* PROVIDED RECORDS:

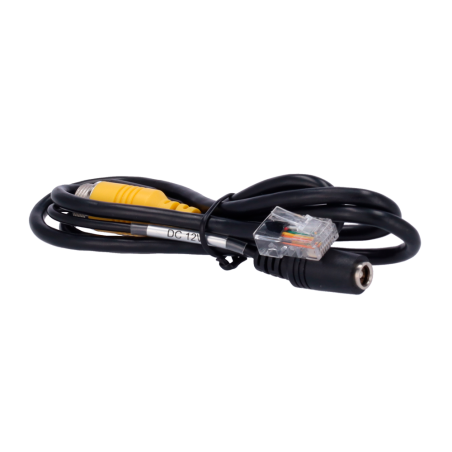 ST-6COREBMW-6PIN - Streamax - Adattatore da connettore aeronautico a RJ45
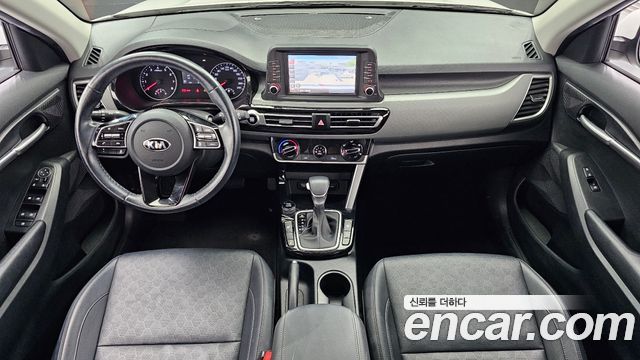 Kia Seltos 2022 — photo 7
---
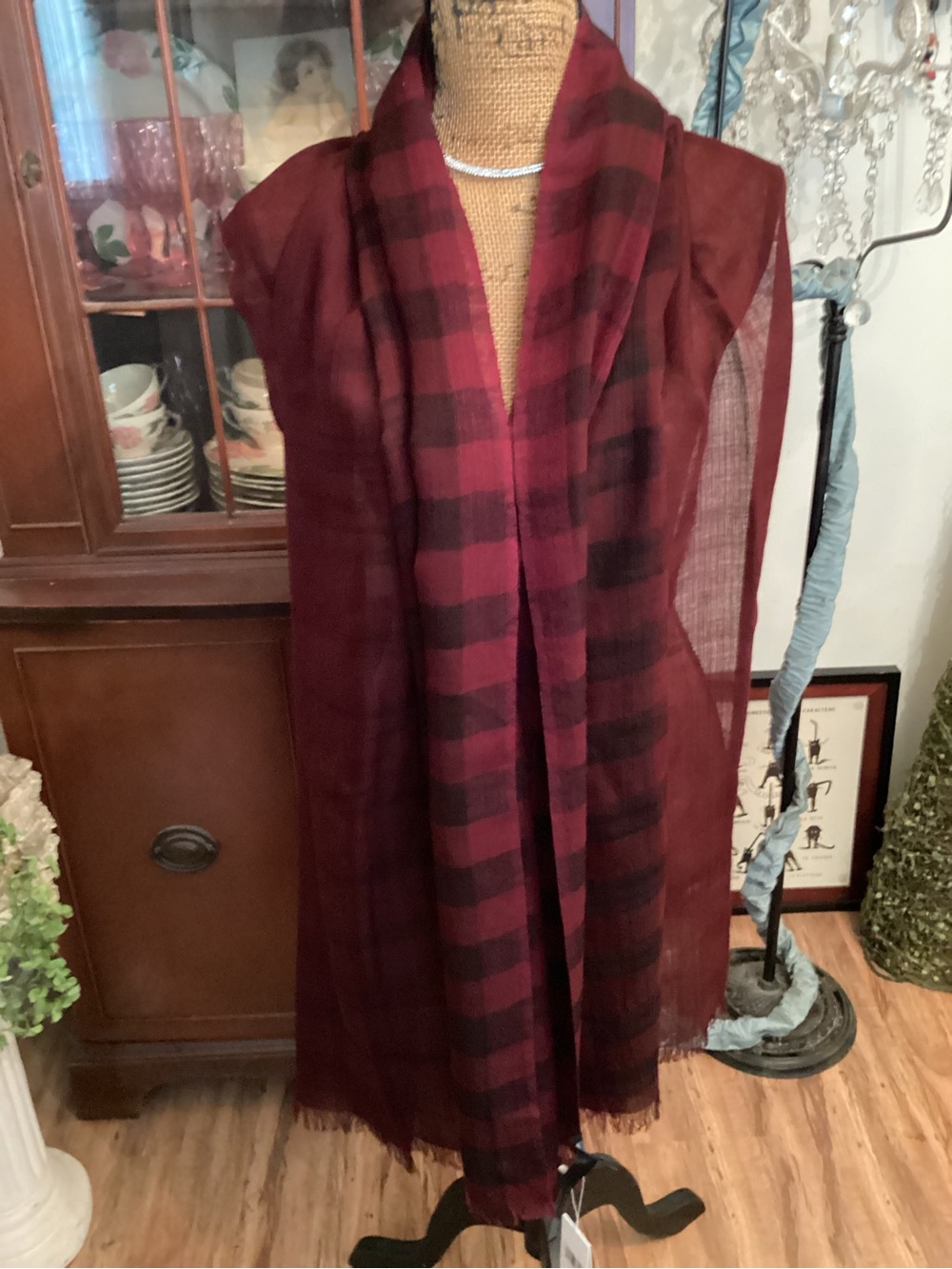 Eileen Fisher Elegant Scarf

* GOAL OF THE EXERCISE: Range to print from the listing above: from the line with "ST-6COREBMW-6PIN - Streamax" up to and including the line with "Kia Seltos 2022 — photo 7". Please print those lines exactly, with no pictures and nothing more.

* ANSWER SPACE:
 ST-6COREBMW-6PIN - Streamax - Adattatore da connettore aeronautico a RJ45
 Kia Seltos 2022 — photo 7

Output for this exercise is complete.